I found that LibreOffice (OpenOffice's successor) allows command line conversion using the LibreOffice conversion engine (which DID preserve the formatting like I wanted and generally worked great).
I loaded the latest version of Ubuntu (http://www.ubuntu.com/download/ubuntu/download) onto my Virtual Box (https://www.virtualbox.org/wiki/Downloads) on my computer and found that I was able to easily convert files using the commandline like this:
libreoffice --headless -convert-to pdf fileToConvert.docx -outdir output/path/for/pdf
I thought: sweet...but I don't have admin rights on my host's web server. I tried to use a "portable" version of LibreOffice that I obtained from http://portablelinuxapps.org/ but I was unable to get it to work on my host's webserver, because my host's webserver didn't have all the dependencies (Dependency Hell! http://en.wikipedia.org/wiki/Dependency_hell)
I was at a loss of how to make it work, until I ran across a cool project made by a Ph.D. student (Philip J. Guo) at Stanford called CDE: http://www.stanford.edu/~pgbovine/cde.html
I will let you look at his explanations of how it works (I followed what he did in http://www.youtube.com/watch?feature=player_embedded&v=6XdwHo1BWwY, starting at about 32:00 as well as the directions on his site), but in short, it allows one to avoid dependency hell by copying all the files used when you run certain commands, recreating the linux environment where the command worked. I was able to use this to run LibreOffice without having to resort to someone's portable version of it, and it worked just like it did when I did it on Ubuntu with the command above, with a tweak: I needed to run the wrapper of LibreOffice the CDE generated.
So, below is my PHP code that calls it. In this code snippet, the filename to be copied is passed in as $_POST["filename"]. I copy the file to the same spot where I originally converted the file, convert it, copy it back and then delete all the files (so that it doesn't start growing exponentially).

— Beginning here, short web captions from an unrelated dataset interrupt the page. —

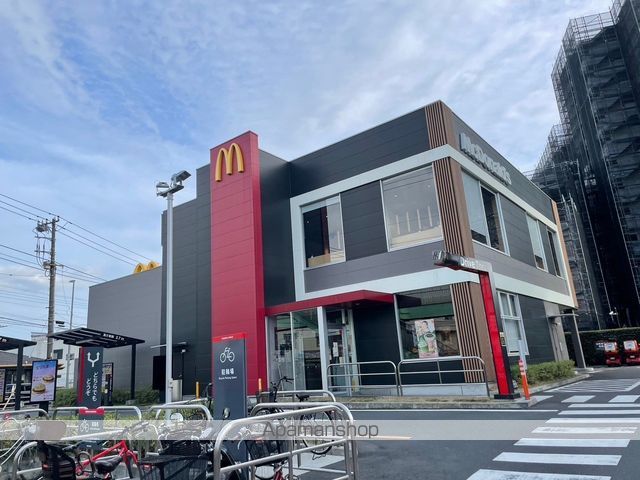 飲食店　マクドナルド大和深見店（飲食店）まで351m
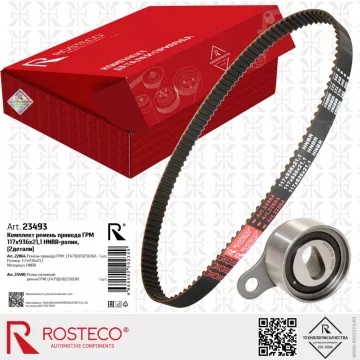 Ремень ГРМ 117*936*21,1 HNBR с роликом 2 дет ROSTECO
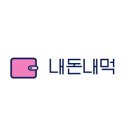 신길온천역 1번출구 이미지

I did it this way because I wasn't able to make it work otherwise on the webserver. If there is a linux + webserver ninja out there that can figure out how to make it work without doing this, I would be interested to know what you did. Please post a comment or something if you did that.
<?php
//first copy the file to the magic place where we can convert it to a pdf on the fly
copy($time.$_POST["filename"], "../LibreOffice/cde-package/cde-root/home/robert/Desktop/".$_POST["filename"]);
//change to that directory
chdir('../LibreOffice/cde-package/cde-root/home/robert');
//the magic command that does the conversion
$myCommand = "./libreoffice.cde --headless -convert-to pdf Desktop/".$_POST["filename"]." -outdir Desktop/";
exec ($myCommand);
//copy the file back
copy("Desktop/".str_replace(".docx", ".pdf", $_POST["filename"]), "../../../../../documents/".str_replace(".docx", ".pdf", $_POST["filename"]));
//delete all the files out of the magic place where we can convert it to a pdf on the fly
$files1 = scandir('Desktop');
//my files that I generated all happened to start with a number.
$pattern = '/^[0-9]/';
foreach ($files1 as $value)
{
preg_match($pattern, $value, $matches);
if(count($matches) ?> 0)
{
unlink("Desktop/".$value);
}
}
//changing the header to the location of the file makes it work well on androids
header( 'Location: '.str_replace(".docx", ".pdf", $_POST["filename"]) );
?>
And here is the tar.gz file I generated I generated with CDE. To duplicate what I did exactly, put the tar.gz file in a folder somewhere. I will call that folder the "root". Make a new folder called "documents" in the "root" folder. Unpack the tar.gz and run the php script above from the "documents" folder.
Success! I made a truly portable version of LibreOffice that can convert files on the fly on a webserver using 100% free, open source software!